GOAL OF THE EXERCISE
For the data that follows, return each line unchanged and drop the pictures.

GIVEN INFORMATION
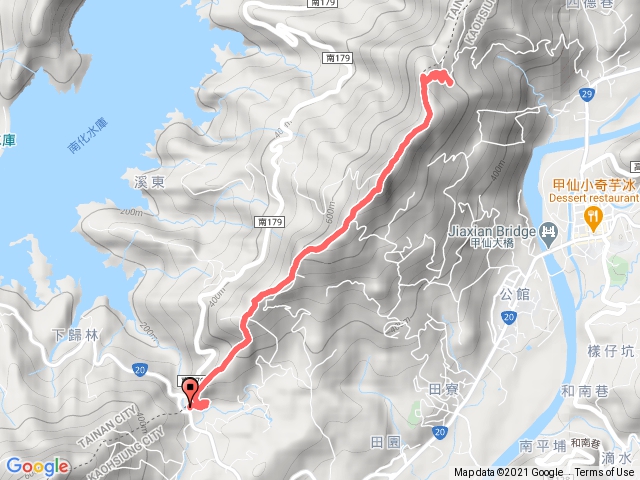 紫霞-四德福德宮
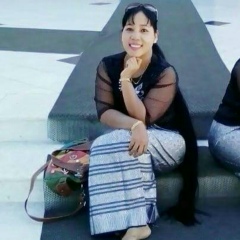 Myat Mon Mon Oo, 17.05.1990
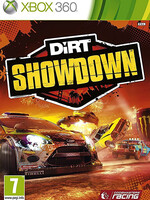 Dirt Showdown X360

SOLUTION TO THE EXERCISE
 紫霞-四德福德宮
 Myat Mon Mon Oo, 17.05.1990
 Dirt Showdown X360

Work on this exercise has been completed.